Die Möglichkeiten der modernen Medizin haben unser Verhältnis zum Tod verändert. Sie bekämpft ihn als Feind und diese Vorstellung hat sich bei vielen durchgesetzt. Doch wer den Tod wie Matthias Claudius als Pförtner zum ewigen Leben versteht, blickt anders auf ihn als der, der ihn mit der modernen Medizin zum Feind erklärt.

"Bin Freund und komme nicht, zu strafen/ Sei guten Muts. Ich bin nicht wild/Sollst sanft in meinen Armen schlafen"

Der Tod und das Mädchen. Dabei war Claudius die Furcht und das Zittern vor dem Tod nicht fremd. Er hat es, wie immer, in Worte von kunstvoller Kunstlosigkeit gefasst:

Ach es ist so dunkel in des Todes Kammer,/ Tönt so traurig, wenn er sich bewegt/ Und nun aufhebt seinen schweren Hammer/ Und die Stunde schlägt.

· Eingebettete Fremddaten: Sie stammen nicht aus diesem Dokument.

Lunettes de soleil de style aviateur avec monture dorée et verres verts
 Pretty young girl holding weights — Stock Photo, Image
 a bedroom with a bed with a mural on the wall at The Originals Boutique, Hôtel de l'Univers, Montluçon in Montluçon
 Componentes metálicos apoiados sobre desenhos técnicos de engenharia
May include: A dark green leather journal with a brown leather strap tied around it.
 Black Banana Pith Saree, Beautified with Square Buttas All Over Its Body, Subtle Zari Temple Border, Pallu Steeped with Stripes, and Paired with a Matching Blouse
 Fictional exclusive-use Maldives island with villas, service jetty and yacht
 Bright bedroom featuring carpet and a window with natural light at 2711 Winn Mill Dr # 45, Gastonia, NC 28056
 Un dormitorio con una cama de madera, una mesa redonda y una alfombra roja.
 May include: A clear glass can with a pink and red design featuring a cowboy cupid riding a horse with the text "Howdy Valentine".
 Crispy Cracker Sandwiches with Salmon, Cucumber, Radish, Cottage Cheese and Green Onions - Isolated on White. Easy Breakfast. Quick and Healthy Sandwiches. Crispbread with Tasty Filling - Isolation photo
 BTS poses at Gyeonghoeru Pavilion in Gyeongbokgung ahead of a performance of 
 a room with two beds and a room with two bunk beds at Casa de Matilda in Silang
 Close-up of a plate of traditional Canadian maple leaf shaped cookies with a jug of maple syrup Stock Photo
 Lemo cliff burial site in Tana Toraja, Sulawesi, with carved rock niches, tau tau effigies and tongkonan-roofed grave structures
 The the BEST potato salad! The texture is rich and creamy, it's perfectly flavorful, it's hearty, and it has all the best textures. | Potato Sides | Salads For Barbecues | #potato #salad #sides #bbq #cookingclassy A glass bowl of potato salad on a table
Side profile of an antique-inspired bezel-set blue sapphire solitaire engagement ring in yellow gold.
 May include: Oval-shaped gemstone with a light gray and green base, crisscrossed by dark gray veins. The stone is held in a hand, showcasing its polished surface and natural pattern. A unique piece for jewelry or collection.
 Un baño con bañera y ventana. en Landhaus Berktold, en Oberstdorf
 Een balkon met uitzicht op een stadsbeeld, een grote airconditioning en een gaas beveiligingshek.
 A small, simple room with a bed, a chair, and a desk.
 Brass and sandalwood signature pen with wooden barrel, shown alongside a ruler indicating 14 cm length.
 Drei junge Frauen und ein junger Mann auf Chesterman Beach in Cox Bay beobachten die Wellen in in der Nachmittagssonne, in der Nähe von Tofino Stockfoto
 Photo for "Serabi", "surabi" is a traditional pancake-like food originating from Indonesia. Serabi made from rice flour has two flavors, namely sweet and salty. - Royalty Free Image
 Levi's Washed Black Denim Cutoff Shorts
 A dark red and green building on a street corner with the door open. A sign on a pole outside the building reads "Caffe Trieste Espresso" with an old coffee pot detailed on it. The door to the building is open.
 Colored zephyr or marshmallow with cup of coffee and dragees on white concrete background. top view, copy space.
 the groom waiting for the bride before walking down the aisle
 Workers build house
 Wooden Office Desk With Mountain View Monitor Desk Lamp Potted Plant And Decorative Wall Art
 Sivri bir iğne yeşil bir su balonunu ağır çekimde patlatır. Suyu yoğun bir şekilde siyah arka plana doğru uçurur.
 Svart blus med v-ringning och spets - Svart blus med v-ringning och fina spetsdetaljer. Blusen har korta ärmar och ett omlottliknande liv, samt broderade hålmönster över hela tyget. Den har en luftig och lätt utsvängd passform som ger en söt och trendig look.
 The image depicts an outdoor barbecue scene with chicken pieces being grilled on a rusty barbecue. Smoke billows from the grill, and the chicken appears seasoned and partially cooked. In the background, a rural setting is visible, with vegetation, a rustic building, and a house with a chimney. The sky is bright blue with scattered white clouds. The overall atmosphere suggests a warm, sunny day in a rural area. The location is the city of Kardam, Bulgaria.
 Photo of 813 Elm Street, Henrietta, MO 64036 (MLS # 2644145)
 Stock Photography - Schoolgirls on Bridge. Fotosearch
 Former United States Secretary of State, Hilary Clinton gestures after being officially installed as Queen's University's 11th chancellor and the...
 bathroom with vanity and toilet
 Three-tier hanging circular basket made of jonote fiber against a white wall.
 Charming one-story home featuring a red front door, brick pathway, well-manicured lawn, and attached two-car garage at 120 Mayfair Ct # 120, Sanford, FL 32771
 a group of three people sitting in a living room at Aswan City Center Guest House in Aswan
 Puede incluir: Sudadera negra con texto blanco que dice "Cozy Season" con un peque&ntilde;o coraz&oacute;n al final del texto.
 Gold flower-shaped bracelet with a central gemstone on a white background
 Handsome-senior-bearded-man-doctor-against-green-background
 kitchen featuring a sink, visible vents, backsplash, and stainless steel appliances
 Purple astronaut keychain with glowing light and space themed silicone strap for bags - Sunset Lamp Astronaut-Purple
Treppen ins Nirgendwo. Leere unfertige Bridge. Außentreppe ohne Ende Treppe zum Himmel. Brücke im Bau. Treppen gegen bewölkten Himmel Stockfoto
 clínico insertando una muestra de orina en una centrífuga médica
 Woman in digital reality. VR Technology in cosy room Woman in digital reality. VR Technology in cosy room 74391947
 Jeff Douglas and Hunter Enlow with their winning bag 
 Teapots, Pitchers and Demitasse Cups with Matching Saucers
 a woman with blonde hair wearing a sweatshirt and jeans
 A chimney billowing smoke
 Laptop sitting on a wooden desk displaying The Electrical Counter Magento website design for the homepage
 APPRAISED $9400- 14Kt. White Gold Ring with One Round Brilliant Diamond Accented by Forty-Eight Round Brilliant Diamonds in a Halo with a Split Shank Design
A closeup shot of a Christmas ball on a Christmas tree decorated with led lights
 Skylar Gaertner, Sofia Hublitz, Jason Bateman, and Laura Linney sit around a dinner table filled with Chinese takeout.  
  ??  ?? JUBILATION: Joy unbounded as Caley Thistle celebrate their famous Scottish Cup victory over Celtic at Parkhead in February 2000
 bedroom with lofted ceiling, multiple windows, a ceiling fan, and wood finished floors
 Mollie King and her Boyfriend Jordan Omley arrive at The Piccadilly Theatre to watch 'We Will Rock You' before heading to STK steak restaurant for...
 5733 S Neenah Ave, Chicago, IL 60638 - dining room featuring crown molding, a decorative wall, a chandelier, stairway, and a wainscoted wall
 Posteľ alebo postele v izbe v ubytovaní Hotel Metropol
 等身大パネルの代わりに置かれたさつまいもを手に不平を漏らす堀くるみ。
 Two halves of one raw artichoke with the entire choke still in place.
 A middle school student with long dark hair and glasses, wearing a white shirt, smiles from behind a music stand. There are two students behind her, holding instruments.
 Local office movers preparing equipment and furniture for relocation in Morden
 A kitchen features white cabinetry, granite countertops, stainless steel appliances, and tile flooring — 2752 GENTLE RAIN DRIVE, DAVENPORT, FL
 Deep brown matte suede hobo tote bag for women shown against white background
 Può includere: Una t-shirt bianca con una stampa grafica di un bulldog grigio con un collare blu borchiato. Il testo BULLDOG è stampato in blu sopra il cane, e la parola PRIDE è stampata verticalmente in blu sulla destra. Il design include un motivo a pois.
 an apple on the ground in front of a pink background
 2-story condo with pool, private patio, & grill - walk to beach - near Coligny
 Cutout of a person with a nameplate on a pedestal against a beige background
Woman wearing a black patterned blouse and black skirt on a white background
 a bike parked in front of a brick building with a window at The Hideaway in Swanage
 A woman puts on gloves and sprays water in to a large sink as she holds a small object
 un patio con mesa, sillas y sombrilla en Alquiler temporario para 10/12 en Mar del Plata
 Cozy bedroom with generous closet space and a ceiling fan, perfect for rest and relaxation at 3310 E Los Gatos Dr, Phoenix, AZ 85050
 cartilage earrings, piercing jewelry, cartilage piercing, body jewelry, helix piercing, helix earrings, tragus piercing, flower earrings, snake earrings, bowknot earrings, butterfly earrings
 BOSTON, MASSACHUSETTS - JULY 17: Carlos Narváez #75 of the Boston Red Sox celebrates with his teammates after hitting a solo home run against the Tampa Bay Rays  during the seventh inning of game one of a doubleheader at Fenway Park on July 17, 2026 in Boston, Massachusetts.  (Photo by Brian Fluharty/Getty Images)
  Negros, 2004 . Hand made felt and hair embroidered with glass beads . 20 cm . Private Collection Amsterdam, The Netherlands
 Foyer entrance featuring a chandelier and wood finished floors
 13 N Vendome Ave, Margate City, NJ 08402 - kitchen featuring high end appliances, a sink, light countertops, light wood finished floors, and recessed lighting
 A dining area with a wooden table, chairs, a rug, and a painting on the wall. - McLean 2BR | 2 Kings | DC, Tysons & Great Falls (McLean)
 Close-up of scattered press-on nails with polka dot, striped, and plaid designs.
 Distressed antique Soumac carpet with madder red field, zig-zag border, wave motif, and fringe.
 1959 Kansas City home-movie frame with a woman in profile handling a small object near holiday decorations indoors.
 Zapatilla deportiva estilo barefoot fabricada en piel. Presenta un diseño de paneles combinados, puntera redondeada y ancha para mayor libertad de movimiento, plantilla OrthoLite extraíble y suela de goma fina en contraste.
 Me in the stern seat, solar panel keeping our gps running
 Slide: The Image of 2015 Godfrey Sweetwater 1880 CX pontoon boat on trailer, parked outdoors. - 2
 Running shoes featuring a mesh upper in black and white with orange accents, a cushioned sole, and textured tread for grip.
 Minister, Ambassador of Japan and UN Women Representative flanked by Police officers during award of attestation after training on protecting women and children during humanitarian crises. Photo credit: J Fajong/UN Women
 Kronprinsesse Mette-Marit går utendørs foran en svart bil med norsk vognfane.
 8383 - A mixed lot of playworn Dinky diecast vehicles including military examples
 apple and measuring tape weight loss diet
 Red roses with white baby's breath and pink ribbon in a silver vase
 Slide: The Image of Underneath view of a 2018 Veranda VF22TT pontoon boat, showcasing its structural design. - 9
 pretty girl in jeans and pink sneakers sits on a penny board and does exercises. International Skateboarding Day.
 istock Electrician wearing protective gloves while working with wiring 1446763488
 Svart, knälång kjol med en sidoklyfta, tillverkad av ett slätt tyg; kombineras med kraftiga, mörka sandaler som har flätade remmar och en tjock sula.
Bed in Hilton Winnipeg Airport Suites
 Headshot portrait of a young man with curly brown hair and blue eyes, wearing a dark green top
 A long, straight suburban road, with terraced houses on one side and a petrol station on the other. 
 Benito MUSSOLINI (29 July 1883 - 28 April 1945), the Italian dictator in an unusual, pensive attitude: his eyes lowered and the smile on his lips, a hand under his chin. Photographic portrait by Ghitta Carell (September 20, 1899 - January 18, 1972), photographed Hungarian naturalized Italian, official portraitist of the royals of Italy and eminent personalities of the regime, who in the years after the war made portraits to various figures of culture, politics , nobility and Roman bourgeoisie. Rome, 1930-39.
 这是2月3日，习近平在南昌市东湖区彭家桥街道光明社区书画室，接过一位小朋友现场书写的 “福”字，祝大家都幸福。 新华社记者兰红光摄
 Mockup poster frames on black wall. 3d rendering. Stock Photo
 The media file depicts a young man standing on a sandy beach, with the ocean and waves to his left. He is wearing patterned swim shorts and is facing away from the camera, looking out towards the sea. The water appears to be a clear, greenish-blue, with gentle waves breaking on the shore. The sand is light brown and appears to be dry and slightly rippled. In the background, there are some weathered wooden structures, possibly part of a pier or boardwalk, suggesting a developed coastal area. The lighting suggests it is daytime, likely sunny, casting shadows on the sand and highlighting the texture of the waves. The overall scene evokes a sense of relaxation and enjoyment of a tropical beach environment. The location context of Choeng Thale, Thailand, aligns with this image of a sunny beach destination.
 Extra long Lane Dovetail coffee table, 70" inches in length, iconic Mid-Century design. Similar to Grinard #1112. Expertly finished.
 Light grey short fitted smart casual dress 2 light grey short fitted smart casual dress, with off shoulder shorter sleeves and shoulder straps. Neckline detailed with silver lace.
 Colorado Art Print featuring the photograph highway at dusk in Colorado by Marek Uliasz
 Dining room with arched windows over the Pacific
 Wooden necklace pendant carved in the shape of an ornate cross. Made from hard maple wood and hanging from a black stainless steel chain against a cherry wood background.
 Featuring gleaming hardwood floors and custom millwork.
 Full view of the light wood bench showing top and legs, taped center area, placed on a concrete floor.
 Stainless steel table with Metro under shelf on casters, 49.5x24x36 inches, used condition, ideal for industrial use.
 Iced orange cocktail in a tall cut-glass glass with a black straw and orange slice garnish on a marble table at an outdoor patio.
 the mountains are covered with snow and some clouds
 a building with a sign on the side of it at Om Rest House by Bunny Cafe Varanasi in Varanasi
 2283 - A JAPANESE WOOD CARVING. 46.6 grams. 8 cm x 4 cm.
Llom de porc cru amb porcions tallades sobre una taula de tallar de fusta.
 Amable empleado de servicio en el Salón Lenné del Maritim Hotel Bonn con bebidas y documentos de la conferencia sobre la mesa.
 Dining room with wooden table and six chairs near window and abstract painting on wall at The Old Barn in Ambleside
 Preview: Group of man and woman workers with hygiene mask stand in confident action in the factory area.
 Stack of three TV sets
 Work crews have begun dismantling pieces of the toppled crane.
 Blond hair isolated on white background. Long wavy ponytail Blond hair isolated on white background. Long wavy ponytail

Doch der Tod behielt für Claudius nicht das letzte Wort. Das sprach für ihn Christus. Ein Diesseits ohne Jenseits konnte dieser Mann sich nicht vorstellen. Und ein Sterben ohne diese tröstliche Hoffnung auch nicht. Und wie er davon spricht, das kann auch im 21. Jahrhundert einen Menschen tief ins Herz treffen, gerade weil den meisten von uns dieses kindliche Vertrauen verloren ging.

„Wer nicht an Christus glauben will, der muss sehen wie er ohne in raten kann. Ich und du können das nicht. Wir brauchen jemand, der uns hebe und halte, dieweil wir leben und uns die Hände unter den Kopf lege, wenn wir sterben sollen. Und das kann er überschwänglich, nach dem, was von ihm geschrieben steht. Und wir wissen keinen, von dem wirs lieber hätten.“

Matthias Claudius starb am 21. Januar 1815 im Kreis seiner Familie, so wörtlich, „ruhig freundlich und gottergeben.“ (In einer Haltung zum Leben und zum Sterben, die er selbst so beschrieben hat: )Und wer die vierte Strophe von „Der Mond ist aufgegangen“ mit ein bisschen Aufmerksamkeit singt, den übt der alte Matthias Claudius in diese Haltung ein:

"Gott lass dein Heil uns schauen/ Auf nichts Vergänglichs trauen/ Nicht Eitelkeit uns freu’n./ Lass uns einfältig werden/ Und vor dir hier auf Erden/ Wie Kinder fromm und fröhlich sein."